Work to complete: Your response should contain only the lines running from the top of the data below through the line with "two ring tail", both included. Pictures must be omitted.

Input for this task:
-.-.-

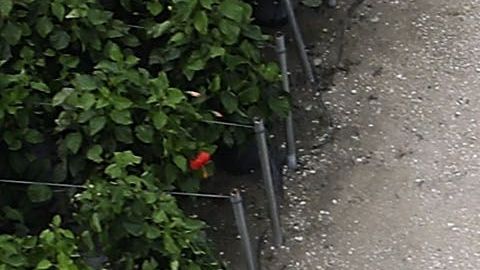 En Florida hay al menos 40,000 trabajadores agrícolas inmigrantes.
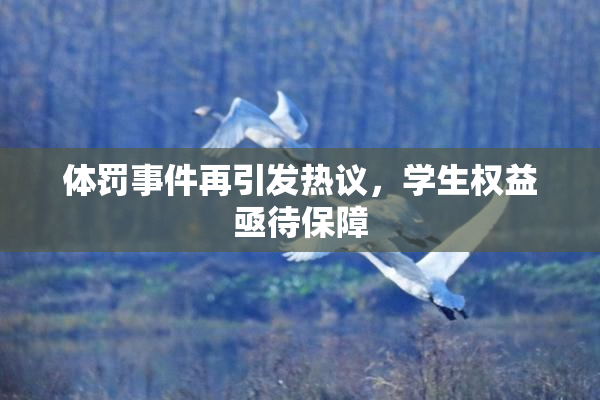 体罚事件再引发热议，学生权益亟待保障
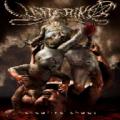 YATTERING - Creative Chaos DVD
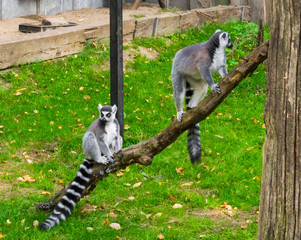 two ring tail lemur monkeys together on a branch, one sitting and one standing, endangered tropical primates from madagascar © Charlotte B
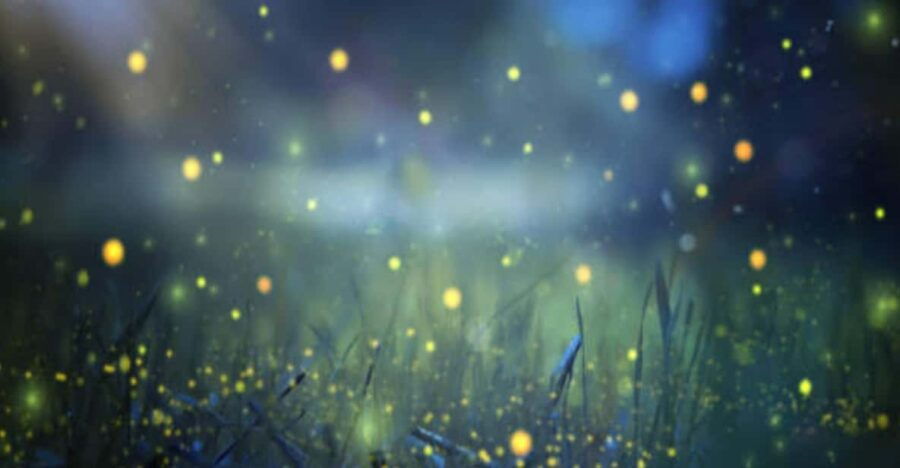 from-bali-night-fireflies-tour-balinese-cultures-insights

-.-.-

Answer space:
 En Florida hay al menos 40,000 trabajadores agrícolas inmigrantes.
 体罚事件再引发热议，学生权益亟待保障
 YATTERING - Creative Chaos DVD
 two ring tail lemur monkeys together on a branch, one sitting and one standing, endangered tropical primates from madagascar © Charlotte B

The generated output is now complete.